Yes, according to Forbes, Obama broke the law by delaying Obamacare's insurance requirements. The famous pledge that “if you like your plan, you can keep it” backfired when insurance companies started canceling millions of plans that didn't comply with Obamacare’s requirements. President Obama called a press conference last month to proclaim that people could continue buying non-complying plans in 2014—despite Obamacare’s explicit language to the contrary. He then refused to consider a House-passed bill that would’ve made this action legal.

Yes, according to Forbes, Obama broke the law by exempting Congress from Obamacare. A little-known part of Obamacare requires Congressmen and their staff to get insurance through the new healthcare exchanges, rather than a taxpayer-funded program. In the quiet of August, President Obama directed the Office of Personnel Management to interpret the law to maintain the generous congressional benefits.

Yes, according to Forbes, Obama broke the law by expanding the employer mandate penalty through IRS regulation. Obamacare grants tax credits to people whose employers don’t provide coverage if they buy a plan “through an Exchange established by the State”—and then fines employers for each employee receiving such a subsidy. No tax credits are authorized for residents of states where the exchanges are established by the federal government, as an incentive for states to create exchanges themselves. Because so few (16) states did, however, the IRS issued a rule ignoring that plain text and allowed subsidies (and commensurate fines) for plans coming from “a State Exchange, regional Exchange, subsidiary Exchange, and federally-facilitated Exchange.”

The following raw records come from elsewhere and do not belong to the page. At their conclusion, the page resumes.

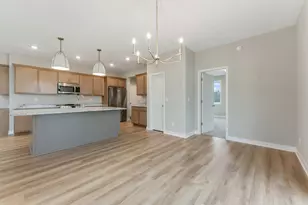 7427 Water St, Shakopee, MN 55379 - Photo 21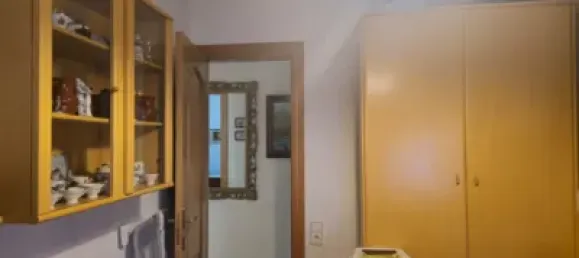 3 غرف نوم شقة في Lleida, Spain رقم 144323 47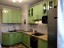Продажа квартиры Богатырский, 39 к. 2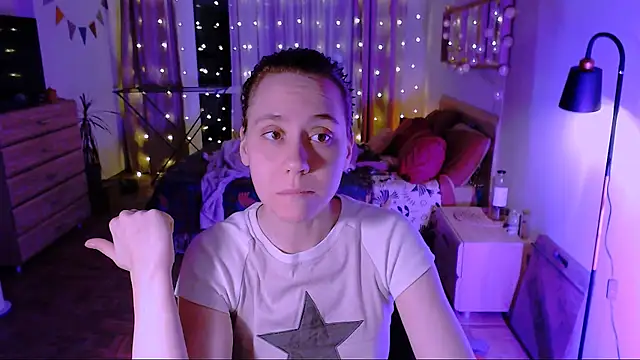 Malinax online show from January 9, 2026, 5:25 am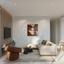 3 bedroom apartment for sale limassol municipality limassol 1871829 thumbnail 15995392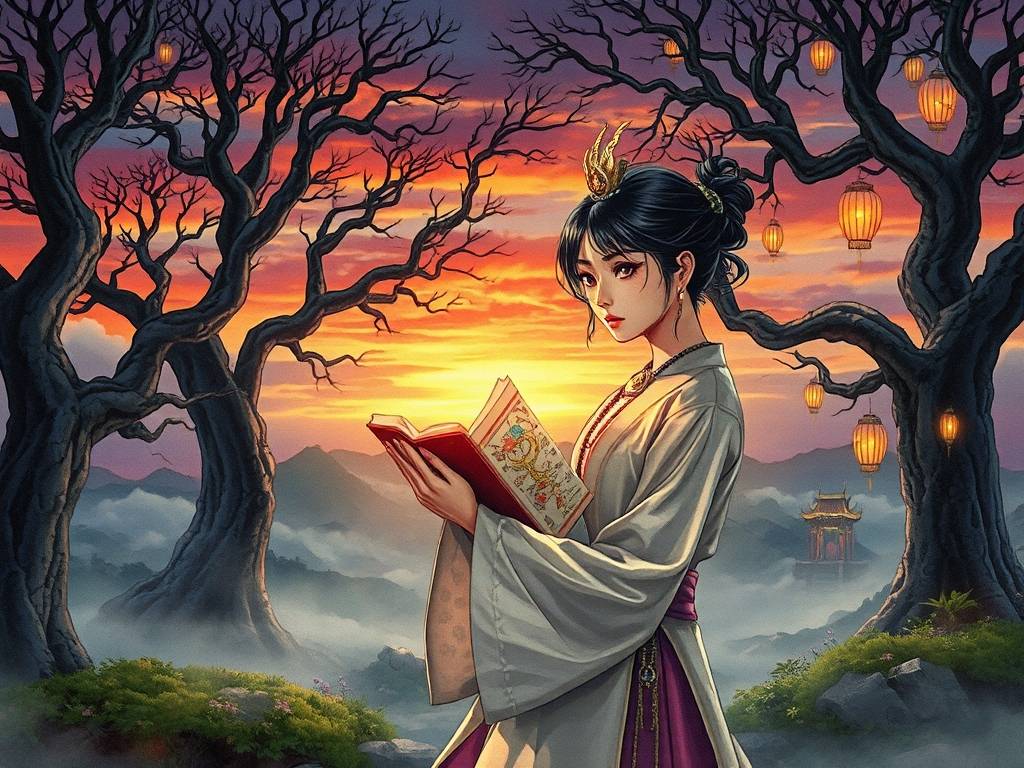 测试如何做能获得好的财运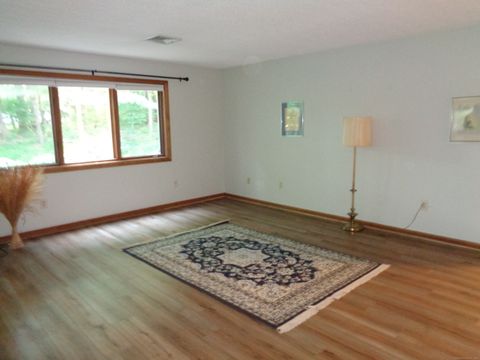 Tiny photo for 16 Cardinal Drive #16, Farmington, CT 06032 (MLS # 24117924)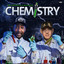 Chemistry artwork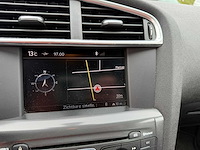 2011 citroen c4 personenauto - afbeelding 10 van  11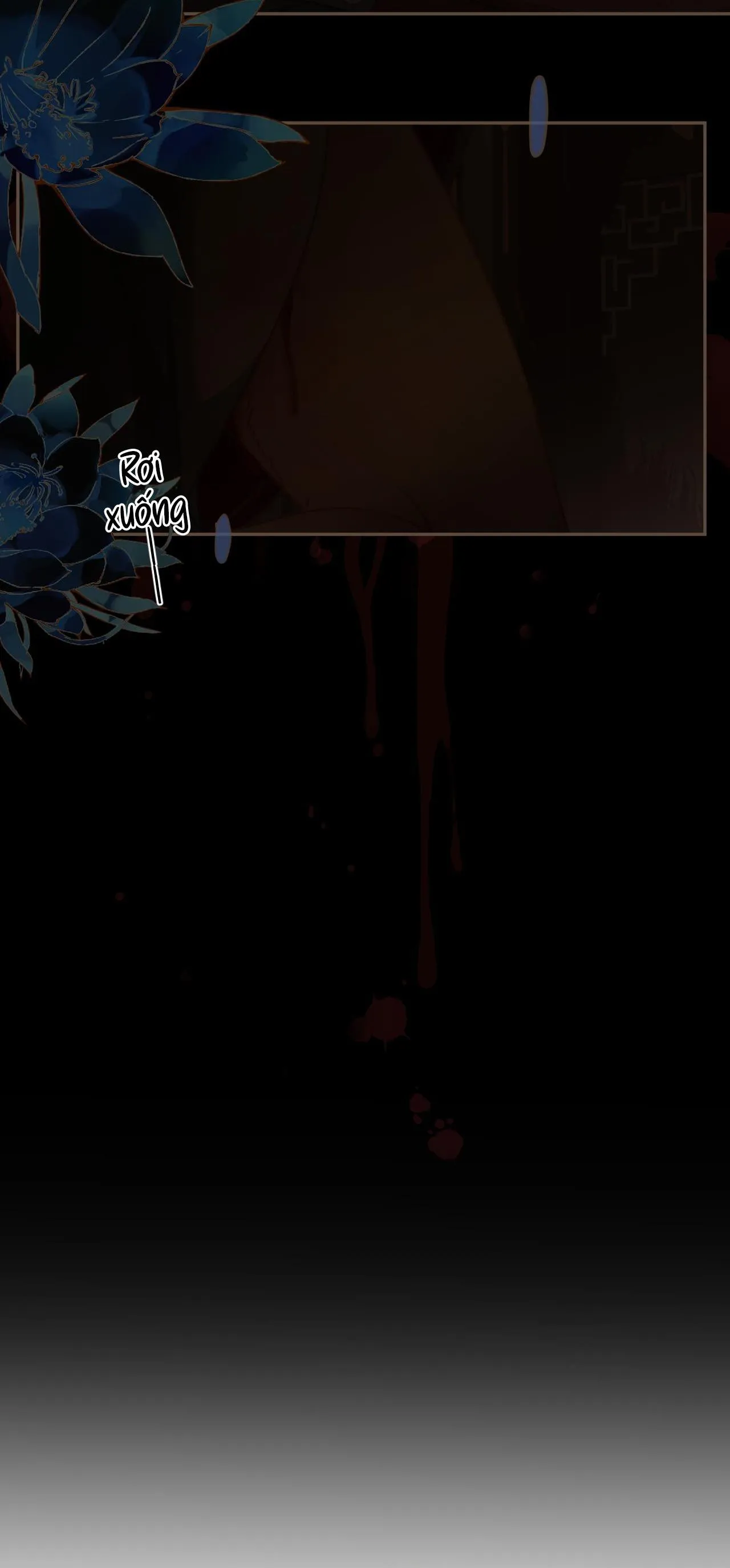 Á NÔ 2 - THÁM HOA Chapter 26 Trang 8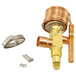 Alco-Controls-064018 Image 1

Yes, according to Forbes, Obama broke the law by allowing political profiling by the IRS. After seeing a rise in the number of applications for tax-exempt status, the IRS in 2010 compiled a “be on the lookout” (“BOLO”) list to identify organizations engaged in political activities. The list included words such as “Tea Party,” “Patriots,” and “Israel”; subjects such as government spending, debt, or taxes; and activities such as criticizing the government, educating about the Constitution, or challenging Obamacare. The targeting continued through May of this year.